Okay, obviously, Gus Fiver had the wrong Hogan Dempsey. He could barely remember any of his grandparents since cancer had been rampant on both sides of his family, but neither of his grandfathers had been named Philip Amherst. Fortunately for Hogan, he didn’t share his family’s medical histories because he’d been adopted as a newborn, and—
His brain halted there. Like any adopted kid, he’d been curious about the two people whose combined DNA had created him. But Bobby and Carol Dempsey had been the best parents he could have asked for, and the thought of someone else in that role had always felt wrong. He’d just never had a desire to locate any blood relations, even after losing what family he had. There wasn’t anyone else in the world who could ever be family to him like that.
He gazed at the attorney in silence. Philip Amherst must be one of his biological grandfathers. And if Gus Fiver was here looking for Hogan, it could only be because that grandfather wanted to find him. Hogan wasn’t sure how he felt about that. He needed a minute to—
“I’m afraid he passed away recently,” Fiver continued. “His wife, Irene, and his daughter, Susan, who was his only child and your biological mother, both preceded him in death. Susan never married or had any additional children, so he had no other direct heirs. After his daughter’s death in a boating accident last year, he changed his will so that his entire estate would pass to you.”
Not even a minute. Not even a minute for Hogan to consider a second family he might have come to know, because they were all gone, too. How else was Gus Fiver going to blindside him today?
He had his answer immediately. “Mr. Amherst’s estate is quite large,” Fiver said. “Normally, this is where I tell an inheritor to sit down, but under the circumstances, you might want to stand up?”
Fiver didn’t have to ask him twice.
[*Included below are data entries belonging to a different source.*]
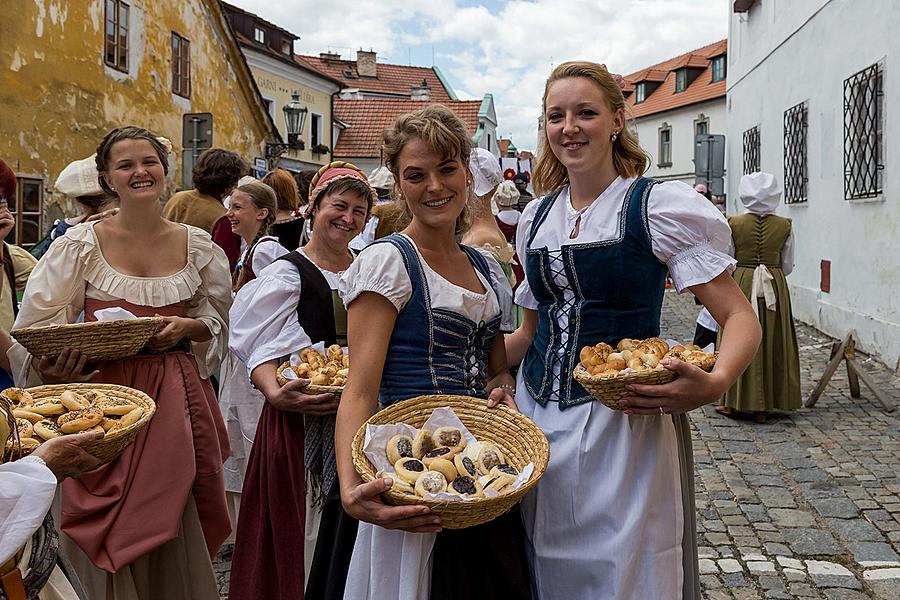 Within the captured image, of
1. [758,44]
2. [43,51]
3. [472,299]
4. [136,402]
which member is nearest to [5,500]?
[136,402]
Hogan’s blood was surging like a geyser. With a single heave, he pushed himself out from under the car and began to pace. Quite large. That was what Fiver had called his grandfather’s estate. But quite large was one of those phrases that could mean a lot of different things. Quite large could be a hundred thousand dollars. Or, holy crap, even a million dollars.
Fiver had risen, too, and was opening a briefcase to withdraw a handful of documents. “Your grandfather was a banker and financier who invested very wisely. He left the world with no debt and scores of assets. His main residence was here in New York on the Upper East Side, but he also owned homes in Santa Fe, Palm Beach and Paris.”
Hogan was reeling. Although Fiver’s words were making it into his brain, it was like they immediately got lost and went wandering off in different directions.
“Please tell me you mean Paris, Texas,” he said.
Fiver grinned. “No. Paris, France. The Trocadéro, to be precise, in the sixteenth arrondissement.”
“I don’t know what that means.” Hell, Hogan didn’t know what any of this meant.
“It means your grandfather was a very rich man, Mr. Dempsey. And now, by both bequest and bloodline, so are you.”
Then he quoted an amount of money so big, it actually made Hogan take a step backward, as if doing that might somehow ward it off. No one could have that much money. Especially not someone like Hogan Dempsey.
Except that Hogan did have that much money. Over the course of the next thirty minutes, Gus Fiver made that clear. And as they were winding down what the attorney told him was only the first of a number of meetings they would have over the next few weeks, he said, “Mr. Dempsey, I’m sure you’ve heard stories about people who won the lottery, only to have their lives fall apart because they didn’t know how to handle the responsibility that comes with having a lot of money. I’d advise you to take some time to think about all this before you make any major decisions and that you proceed slowly.”
“I will,” Hogan assured him. “Weird thing is I’ve already given a lot of thought to what I’d do if I ever won the lottery. Because I’ve been playing it religiously since I was in high school.”
Fiver looked surprised. “You don’t seem like the lottery type to me.”
“I have my reasons.”
“So what did you always say you’d buy if you won the lottery?”